Sunday 9 June 2019

Human Rights. The Law v Democratic Debate

 
 
Subject: Human Rights. The Law v Democratic Debate.


It just been listening to a Reith Lecture given by Johnathan Sumption,  (Justice of the Supreme Court) regarding the Human Rights Act. 
The Act is a construct of lawyers, not of a political forum, such as Parliament and the fear is that decisions made by lawyers is less representative than law contrived through debate in Parliament.
The argument that lawyers are inherently selective, because of the structure of their educational and social construct, in the way they gain their experience about society is different from the politician where sufficient numbers of politicians are not from the legal profession and lend a different emotional construct to the social debate about human rights and what should be a human right.
The EU, and the USA are examples of where lawyers frame the law on these matters and the political establishment accept their ruling. The UK is different and along with a small number of parliamentary democracies insist that the law flows from parliamentary debate and procedure into the courts and not the other way round.
The concern that law belongs to the people and has to be seen as a confirmatory process and not something handed down by Judges was the basis of Johnathan Sumption's lecture and follows his first lecture on the expansion and encroachment of the legal fraternity into politics. He argues the law is taking over the space once occupied by politics at the expense of democracy. 
This of course draws us into the view that democracy is and continues to be, skewed by political constructs such as 'first past the post' ballots which clearly differentiate against smaller and new entrants into the political debate. The vice like grip which the two main parties have over the seats in parliament stifle political debate and leave many of the electorate unrepresented.

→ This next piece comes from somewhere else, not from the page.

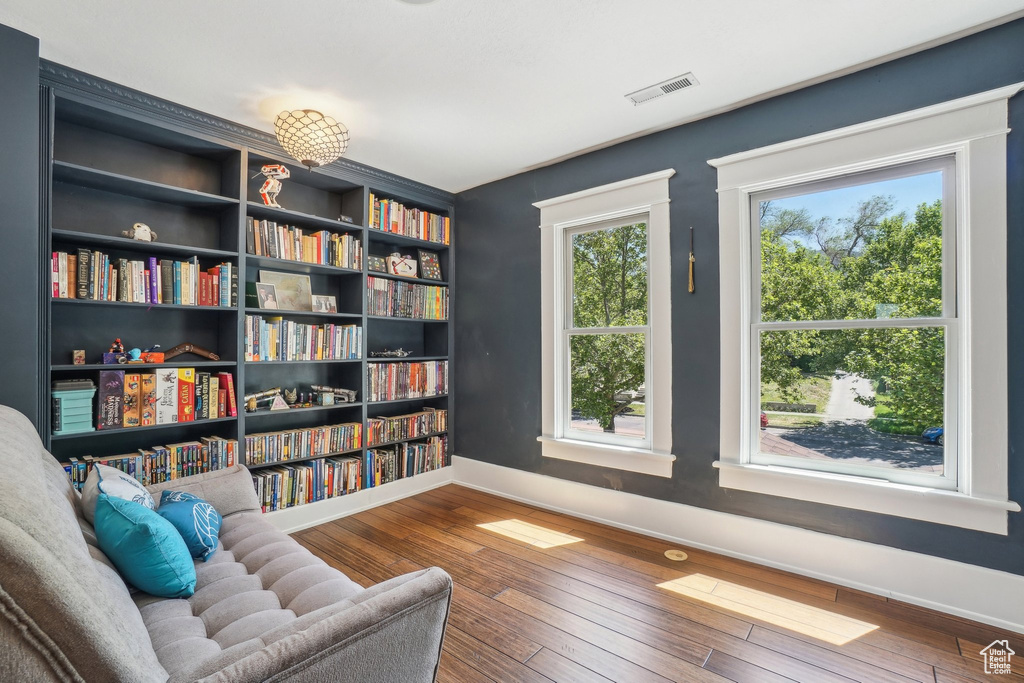 Living area featuring baseboards and wood-type flooring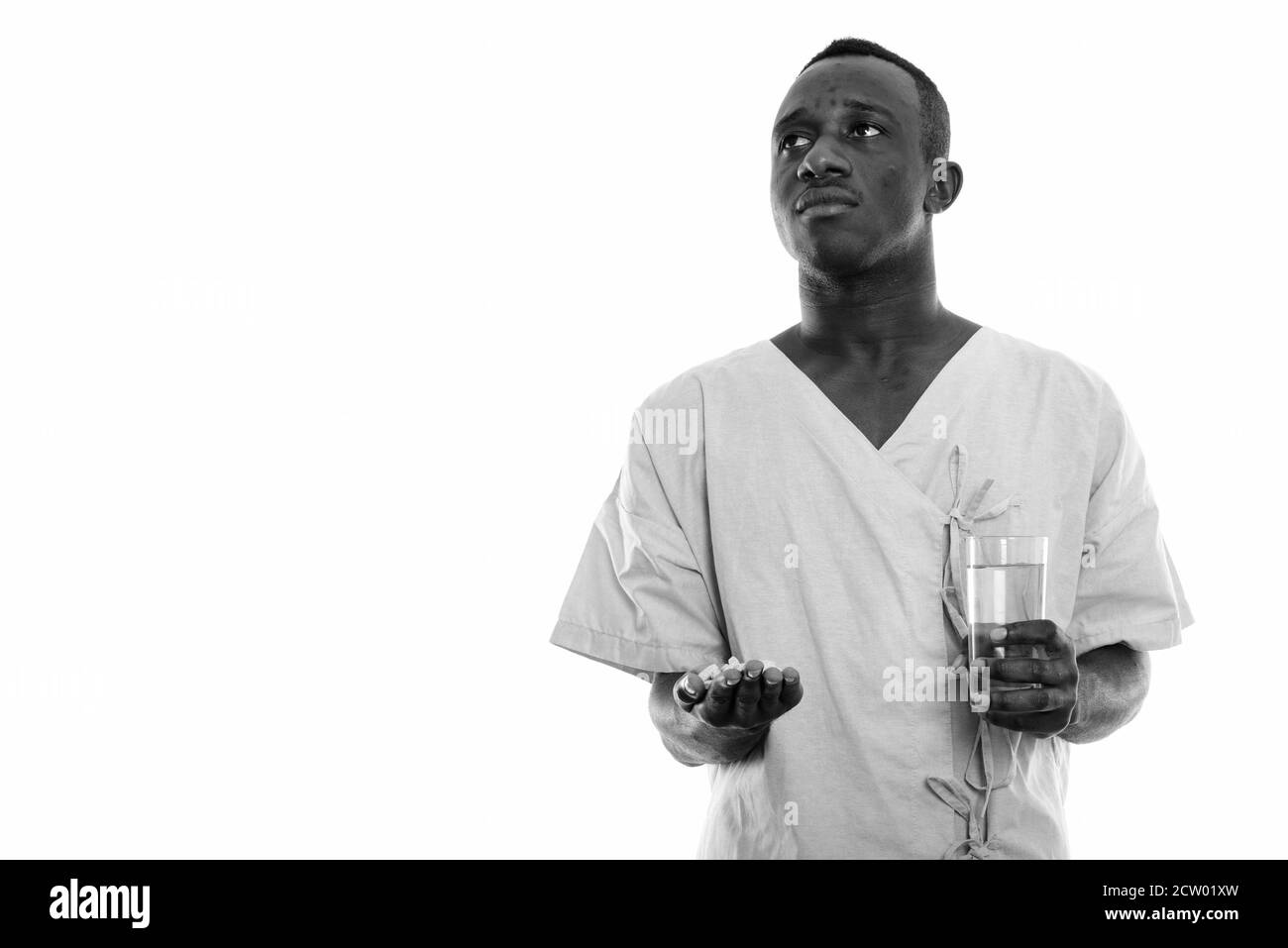 Portrait de jeune homme de l'Afrique noire de la pensée du patient tout en maintenant les comprimés de vitamines et de verre d'eau Banque D'Images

Part of society then does not have a voice and their views, which may, or may not have relevance to human rights is missing from the theoretical debate. 

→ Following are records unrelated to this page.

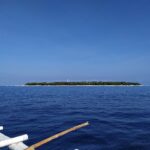 L'isola piatta e boscosa di Balicasag all'orizzonte, con il suo faro bianco e la frangia di sabbia chiara, vista da una bangka i cui bilancieri bianchi occupano il primo piano, sotto un cielo azzurro senza nuvole.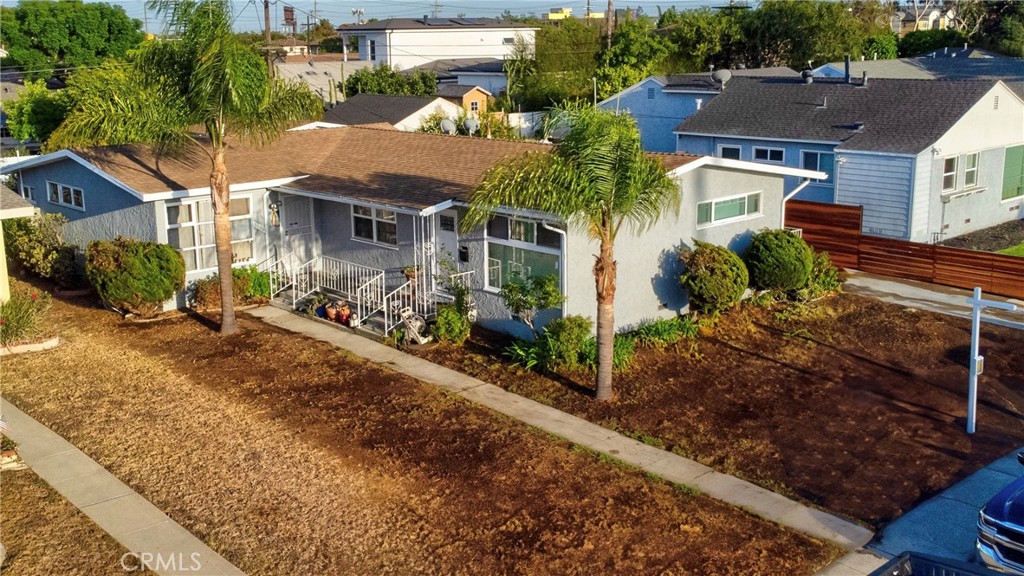 Presenting a well-cared-for duplex featuring two bright and spacious 2-bedroom, 1-bath units in a peaceful, highly desirable neighborhood of Westchester. Set on a generous 7,113 sq ft lot with mature fruit trees, this property includes a long driveway leading to a detached two-car garage. The front unit has been thoughtfully remodeled, while the rear unit offers a private backyard perfect for outdoor living and entertaining. Both units are equipped with in-unit laundry hookups, providing convenience for occupants. With its versatile layout, the property is an excellent choice for owner-occupiers seeking additional income, investors looking to expand their portfolio, or developers exploring future potential. Its central location offers close proximity to the coast, LAX, SoFi stadium, Intuit Dome, KIA Forum, and the metro station, along with easy access to Santa Monica, Venice Beach, Silicon Beach, Loyola Marymount University, SpaceX, shopping, schools, and 405/105 freeways. Make sure to not let this grand opportunity slip by, and schedule a viewing appointment today.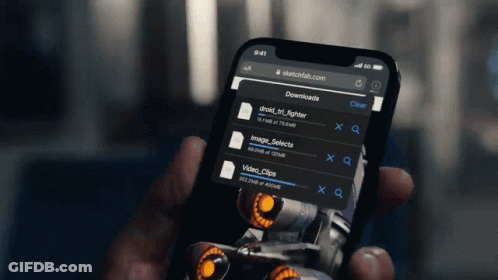 A Person Is Holding A Cell Phone With Sketchfab.com On It GIF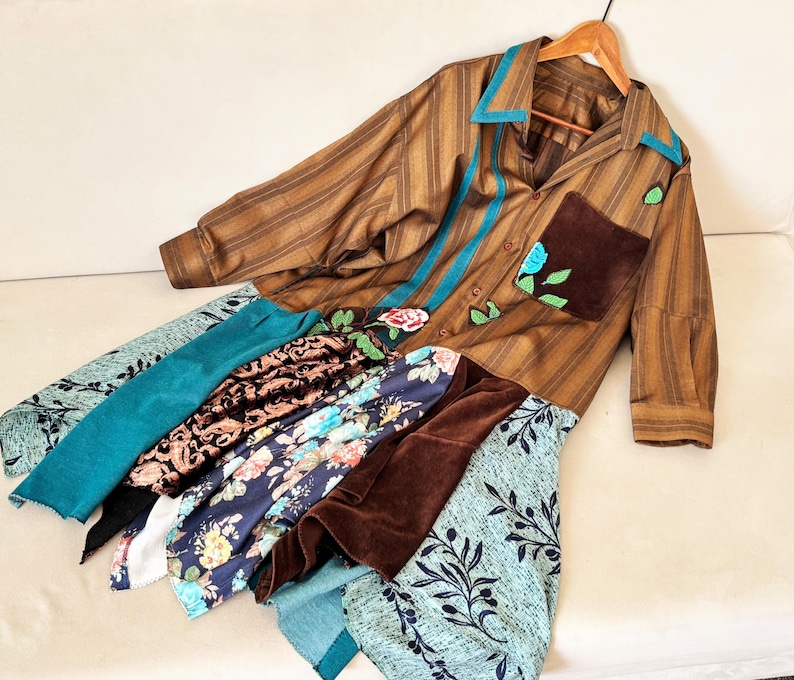 May include: A brown striped button-down shirt featuring a teal collar, a dark brown chest pocket with floral embroidery, and a multi-layered skirt section composed of various fabrics including teal, black, floral, and brown velvet panels.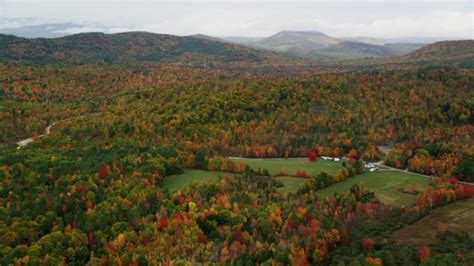 6k Aerial Video Orbiting Colorful Foliage Small Town Autumn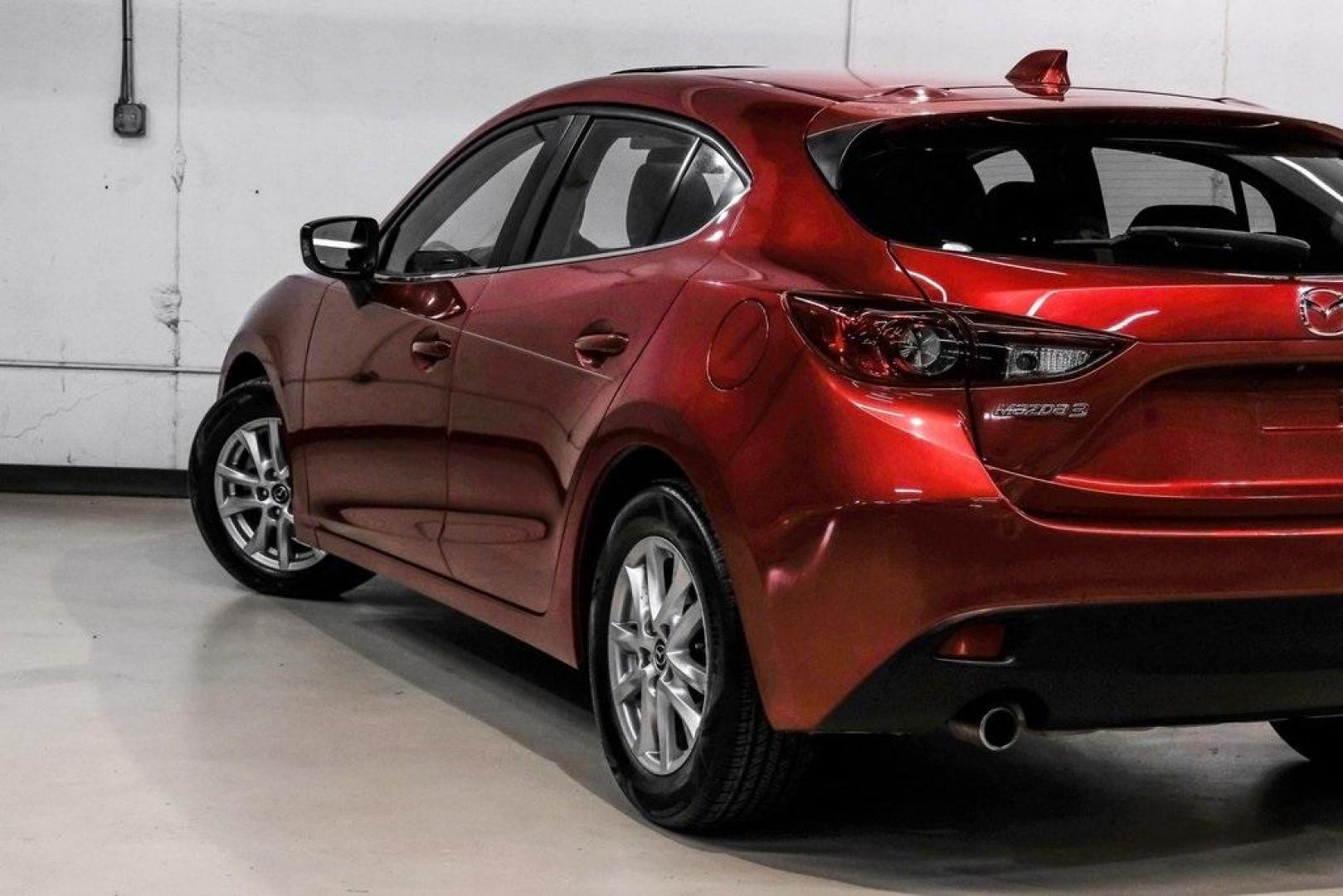 2015 Soul Red Metallic /Black Mazda Mazda3 i Grand Touring (3MZBM1M79FM) with an SKYACTIV-G 2.0L 4-Cylinder DOHC 16V engine, Manual transmission, located at 15300 Midway Rd., Addison, TX, 75001, (972) 702-0011, 32.958321, -96.838074 - Photo#13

Much of the argument for democracy is theoretical in that assumes a high proportion of people will turn out to vote and that those that do are well versed in the debate. Clearly this is not the case and the pressure on democratic rule is that money and influence play such a high place in leading people to think in one way or another. The almost continual barrage of criticism and fake news about the European Institution from the likes of the Daily Mail, the Express and the Sun has distorted the EU in so many minds that when fundamental questions are put to the electorate they have no way of seeing through their bias.
It is assumed that the lawyers would rise above such bias but they to have their own bias, a professional bias which often excludes the experience of people living ordinary lives.
The danger of "we know what's best for you" is always there and whilst human rights should perhaps be an academic choice the reasoning of people who would wish to bring back the death penalty for certain crimes and the on going argument about the length of sentences, (usually commuted by 50%) or the recent release of people who the public consider should remain in jail, are never the less released by the parole board. 
Perhaps 'they do know what's best' but as a society we have to feel that there is fairness and justice for the victim to. 
This innate sense of what's right and what's wrong needs to find a balance amongst the general public otherwise consensus politics, which can not be part of the lawyers brief, is eroded and with it the essential trust society needs to function.